Under data protection law, people have individual rights over their personal data. Organisations must enable the exercise of these rights.

These include the right:

  • to be informed about whether their personal data is being processed;
  • to access a copy of it;
  • to have information about them rectified, if it is inaccurate; and
  • not to be subject to solely automated decisions that have legal or similarly significant effects on them.

In some circumstances they also have the right:

  • to have information about them deleted; and
  • to restrict or stop the use of their information.

These rights apply wherever personal information is processed.
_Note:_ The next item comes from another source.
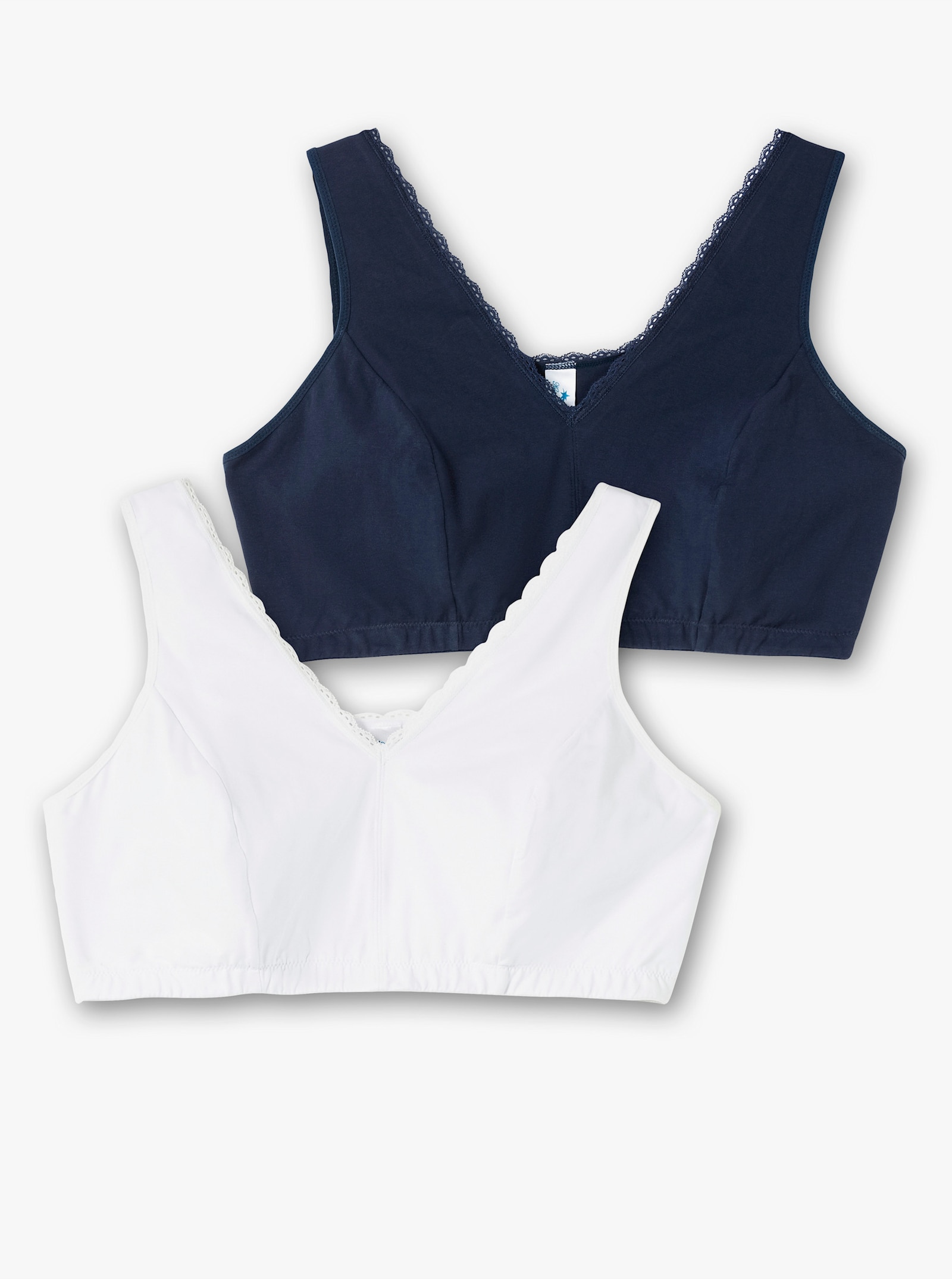 sheego Beugelloze beha in bustiermodel, in set van 2 - marine en wit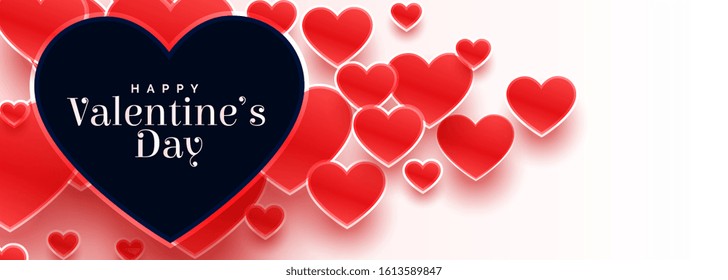 valentines day banner with many red hearts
In the context of generative AI, this means they apply to any personal data included in:

  • the training data;
  • data used for fine-tuning, including data from reinforcement learning from human feedback and benchmarking data;
  • the outputs of the generative AI model; and
  • user queries (eg when a data subject enters personal information via a prompt into the model).

Therefore, across the AI lifecycle organisations must have processes in place (including technical and organisational measures) to enable and record the exercise of people’s rights.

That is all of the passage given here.